## EXERCISE DIRECTIONS
Exactly repeat the full listing that follows.
———
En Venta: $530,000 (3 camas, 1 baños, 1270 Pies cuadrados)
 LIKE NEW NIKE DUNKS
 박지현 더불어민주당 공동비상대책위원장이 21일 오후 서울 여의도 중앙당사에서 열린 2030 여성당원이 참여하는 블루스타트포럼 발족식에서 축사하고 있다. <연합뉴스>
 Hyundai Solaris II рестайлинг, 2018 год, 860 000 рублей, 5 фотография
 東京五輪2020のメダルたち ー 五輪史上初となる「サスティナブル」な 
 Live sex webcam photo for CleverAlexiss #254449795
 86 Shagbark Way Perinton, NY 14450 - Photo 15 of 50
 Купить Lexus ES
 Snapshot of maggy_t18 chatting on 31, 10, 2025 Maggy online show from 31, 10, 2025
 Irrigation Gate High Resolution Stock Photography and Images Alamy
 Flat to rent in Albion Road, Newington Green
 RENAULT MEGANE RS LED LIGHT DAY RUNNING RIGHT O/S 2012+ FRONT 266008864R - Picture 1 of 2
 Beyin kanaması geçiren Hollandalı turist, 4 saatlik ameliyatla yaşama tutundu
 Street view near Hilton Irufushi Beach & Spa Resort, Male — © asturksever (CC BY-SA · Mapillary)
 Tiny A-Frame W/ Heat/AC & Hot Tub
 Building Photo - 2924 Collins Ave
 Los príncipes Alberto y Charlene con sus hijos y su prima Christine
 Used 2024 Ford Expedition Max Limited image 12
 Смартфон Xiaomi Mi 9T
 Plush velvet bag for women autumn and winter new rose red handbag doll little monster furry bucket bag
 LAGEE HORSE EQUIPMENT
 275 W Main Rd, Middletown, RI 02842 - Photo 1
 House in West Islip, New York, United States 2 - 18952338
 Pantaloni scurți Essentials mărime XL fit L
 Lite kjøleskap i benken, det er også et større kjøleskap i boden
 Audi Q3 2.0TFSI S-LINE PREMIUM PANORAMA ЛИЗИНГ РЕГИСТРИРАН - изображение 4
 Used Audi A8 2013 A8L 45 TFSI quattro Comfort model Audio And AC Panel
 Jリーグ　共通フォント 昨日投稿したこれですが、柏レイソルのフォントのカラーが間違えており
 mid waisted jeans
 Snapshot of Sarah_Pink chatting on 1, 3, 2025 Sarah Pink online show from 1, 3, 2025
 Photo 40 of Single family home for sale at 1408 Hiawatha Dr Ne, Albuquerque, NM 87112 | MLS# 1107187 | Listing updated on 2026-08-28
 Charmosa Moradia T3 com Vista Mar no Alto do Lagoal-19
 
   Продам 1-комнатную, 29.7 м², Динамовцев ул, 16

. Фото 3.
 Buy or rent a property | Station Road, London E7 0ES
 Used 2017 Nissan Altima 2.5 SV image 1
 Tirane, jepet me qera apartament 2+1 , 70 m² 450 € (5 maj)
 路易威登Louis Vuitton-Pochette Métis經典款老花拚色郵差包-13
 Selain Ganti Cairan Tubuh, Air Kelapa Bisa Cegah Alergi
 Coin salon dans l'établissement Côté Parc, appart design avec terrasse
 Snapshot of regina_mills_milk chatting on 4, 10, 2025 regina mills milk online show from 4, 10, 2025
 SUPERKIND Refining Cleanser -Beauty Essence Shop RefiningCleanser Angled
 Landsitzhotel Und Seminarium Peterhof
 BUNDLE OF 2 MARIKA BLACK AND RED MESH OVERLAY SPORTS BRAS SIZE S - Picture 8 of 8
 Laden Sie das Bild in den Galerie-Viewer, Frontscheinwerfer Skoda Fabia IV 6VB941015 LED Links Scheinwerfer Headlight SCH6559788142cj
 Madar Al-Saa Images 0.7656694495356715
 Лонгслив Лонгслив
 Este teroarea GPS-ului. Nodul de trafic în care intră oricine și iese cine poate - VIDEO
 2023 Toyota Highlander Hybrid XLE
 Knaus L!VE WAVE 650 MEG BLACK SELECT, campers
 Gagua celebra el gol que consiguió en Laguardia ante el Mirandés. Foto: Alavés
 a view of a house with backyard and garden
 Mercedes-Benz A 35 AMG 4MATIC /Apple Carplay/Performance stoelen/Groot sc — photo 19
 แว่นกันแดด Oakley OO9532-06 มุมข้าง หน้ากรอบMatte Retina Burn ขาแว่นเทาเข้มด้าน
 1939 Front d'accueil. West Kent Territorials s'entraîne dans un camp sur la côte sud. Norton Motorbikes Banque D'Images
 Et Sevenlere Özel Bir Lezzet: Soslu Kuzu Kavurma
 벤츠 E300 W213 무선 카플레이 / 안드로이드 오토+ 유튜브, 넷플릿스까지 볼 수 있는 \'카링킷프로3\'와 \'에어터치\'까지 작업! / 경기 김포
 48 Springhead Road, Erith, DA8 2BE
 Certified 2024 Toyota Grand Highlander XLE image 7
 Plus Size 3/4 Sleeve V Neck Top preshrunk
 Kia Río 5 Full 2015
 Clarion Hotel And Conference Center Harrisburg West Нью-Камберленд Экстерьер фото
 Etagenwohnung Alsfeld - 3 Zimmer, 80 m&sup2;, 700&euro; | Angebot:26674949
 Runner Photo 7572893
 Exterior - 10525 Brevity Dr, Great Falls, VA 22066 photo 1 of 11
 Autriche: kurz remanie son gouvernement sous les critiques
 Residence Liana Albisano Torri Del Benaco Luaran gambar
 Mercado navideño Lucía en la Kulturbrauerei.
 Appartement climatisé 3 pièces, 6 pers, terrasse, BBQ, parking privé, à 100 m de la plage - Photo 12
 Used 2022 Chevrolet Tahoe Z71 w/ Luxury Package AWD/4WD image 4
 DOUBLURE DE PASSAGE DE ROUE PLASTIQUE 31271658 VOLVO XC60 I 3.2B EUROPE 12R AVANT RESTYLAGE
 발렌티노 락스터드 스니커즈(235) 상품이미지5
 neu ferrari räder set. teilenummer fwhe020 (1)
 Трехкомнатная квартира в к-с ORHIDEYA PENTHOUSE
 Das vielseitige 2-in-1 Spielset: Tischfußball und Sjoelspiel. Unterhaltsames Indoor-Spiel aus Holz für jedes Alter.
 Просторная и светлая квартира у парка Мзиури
———
## SOLUTION FOR THIS TASK
En Venta: $530,000 (3 camas, 1 baños, 1270 Pies cuadrados)
 LIKE NEW NIKE DUNKS
 박지현 더불어민주당 공동비상대책위원장이 21일 오후 서울 여의도 중앙당사에서 열린 2030 여성당원이 참여하는 블루스타트포럼 발족식에서 축사하고 있다. <연합뉴스>
 Hyundai Solaris II рестайлинг, 2018 год, 860 000 рублей, 5 фотография
 東京五輪2020のメダルたち ー 五輪史上初となる「サスティナブル」な 
 Live sex webcam photo for CleverAlexiss #254449795
 86 Shagbark Way Perinton, NY 14450 - Photo 15 of 50
 Купить Lexus ES
 Snapshot of maggy_t18 chatting on 31, 10, 2025 Maggy online show from 31, 10, 2025
 Irrigation Gate High Resolution Stock Photography and Images Alamy
 Flat to rent in Albion Road, Newington Green
 RENAULT MEGANE RS LED LIGHT DAY RUNNING RIGHT O/S 2012+ FRONT 266008864R - Picture 1 of 2
 Beyin kanaması geçiren Hollandalı turist, 4 saatlik ameliyatla yaşama tutundu
 Street view near Hilton Irufushi Beach & Spa Resort, Male — © asturksever (CC BY-SA · Mapillary)
 Tiny A-Frame W/ Heat/AC & Hot Tub
 Building Photo - 2924 Collins Ave
 Los príncipes Alberto y Charlene con sus hijos y su prima Christine
 Used 2024 Ford Expedition Max Limited image 12
 Смартфон Xiaomi Mi 9T
 Plush velvet bag for women autumn and winter new rose red handbag doll little monster furry bucket bag
 LAGEE HORSE EQUIPMENT
 275 W Main Rd, Middletown, RI 02842 - Photo 1
 House in West Islip, New York, United States 2 - 18952338
 Pantaloni scurți Essentials mărime XL fit L
 Lite kjøleskap i benken, det er også et større kjøleskap i boden
 Audi Q3 2.0TFSI S-LINE PREMIUM PANORAMA ЛИЗИНГ РЕГИСТРИРАН - изображение 4
 Used Audi A8 2013 A8L 45 TFSI quattro Comfort model Audio And AC Panel
 Jリーグ　共通フォント 昨日投稿したこれですが、柏レイソルのフォントのカラーが間違えており
 mid waisted jeans
 Snapshot of Sarah_Pink chatting on 1, 3, 2025 Sarah Pink online show from 1, 3, 2025
 Photo 40 of Single family home for sale at 1408 Hiawatha Dr Ne, Albuquerque, NM 87112 | MLS# 1107187 | Listing updated on 2026-08-28
 Charmosa Moradia T3 com Vista Mar no Alto do Lagoal-19
 
   Продам 1-комнатную, 29.7 м², Динамовцев ул, 16

. Фото 3.
 Buy or rent a property | Station Road, London E7 0ES
 Used 2017 Nissan Altima 2.5 SV image 1
 Tirane, jepet me qera apartament 2+1 , 70 m² 450 € (5 maj)
 路易威登Louis Vuitton-Pochette Métis經典款老花拚色郵差包-13
 Selain Ganti Cairan Tubuh, Air Kelapa Bisa Cegah Alergi
 Coin salon dans l'établissement Côté Parc, appart design avec terrasse
 Snapshot of regina_mills_milk chatting on 4, 10, 2025 regina mills milk online show from 4, 10, 2025
 SUPERKIND Refining Cleanser -Beauty Essence Shop RefiningCleanser Angled
 Landsitzhotel Und Seminarium Peterhof
 BUNDLE OF 2 MARIKA BLACK AND RED MESH OVERLAY SPORTS BRAS SIZE S - Picture 8 of 8
 Laden Sie das Bild in den Galerie-Viewer, Frontscheinwerfer Skoda Fabia IV 6VB941015 LED Links Scheinwerfer Headlight SCH6559788142cj
 Madar Al-Saa Images 0.7656694495356715
 Лонгслив Лонгслив
 Este teroarea GPS-ului. Nodul de trafic în care intră oricine și iese cine poate - VIDEO
 2023 Toyota Highlander Hybrid XLE
 Knaus L!VE WAVE 650 MEG BLACK SELECT, campers
 Gagua celebra el gol que consiguió en Laguardia ante el Mirandés. Foto: Alavés
 a view of a house with backyard and garden
 Mercedes-Benz A 35 AMG 4MATIC /Apple Carplay/Performance stoelen/Groot sc — photo 19
 แว่นกันแดด Oakley OO9532-06 มุมข้าง หน้ากรอบMatte Retina Burn ขาแว่นเทาเข้มด้าน
 1939 Front d'accueil. West Kent Territorials s'entraîne dans un camp sur la côte sud. Norton Motorbikes Banque D'Images
 Et Sevenlere Özel Bir Lezzet: Soslu Kuzu Kavurma
 벤츠 E300 W213 무선 카플레이 / 안드로이드 오토+ 유튜브, 넷플릿스까지 볼 수 있는 \'카링킷프로3\'와 \'에어터치\'까지 작업! / 경기 김포
 48 Springhead Road, Erith, DA8 2BE
 Certified 2024 Toyota Grand Highlander XLE image 7
 Plus Size 3/4 Sleeve V Neck Top preshrunk
 Kia Río 5 Full 2015
 Clarion Hotel And Conference Center Harrisburg West Нью-Камберленд Экстерьер фото
 Etagenwohnung Alsfeld - 3 Zimmer, 80 m&sup2;, 700&euro; | Angebot:26674949
 Runner Photo 7572893
 Exterior - 10525 Brevity Dr, Great Falls, VA 22066 photo 1 of 11
 Autriche: kurz remanie son gouvernement sous les critiques
 Residence Liana Albisano Torri Del Benaco Luaran gambar
 Mercado navideño Lucía en la Kulturbrauerei.
 Appartement climatisé 3 pièces, 6 pers, terrasse, BBQ, parking privé, à 100 m de la plage - Photo 12
 Used 2022 Chevrolet Tahoe Z71 w/ Luxury Package AWD/4WD image 4
 DOUBLURE DE PASSAGE DE ROUE PLASTIQUE 31271658 VOLVO XC60 I 3.2B EUROPE 12R AVANT RESTYLAGE
 발렌티노 락스터드 스니커즈(235) 상품이미지5
 neu ferrari räder set. teilenummer fwhe020 (1)
 Трехкомнатная квартира в к-с ORHIDEYA PENTHOUSE
 Das vielseitige 2-in-1 Spielset: Tischfußball und Sjoelspiel. Unterhaltsames Indoor-Spiel aus Holz für jedes Alter.
 Просторная и светлая квартира у парка Мзиури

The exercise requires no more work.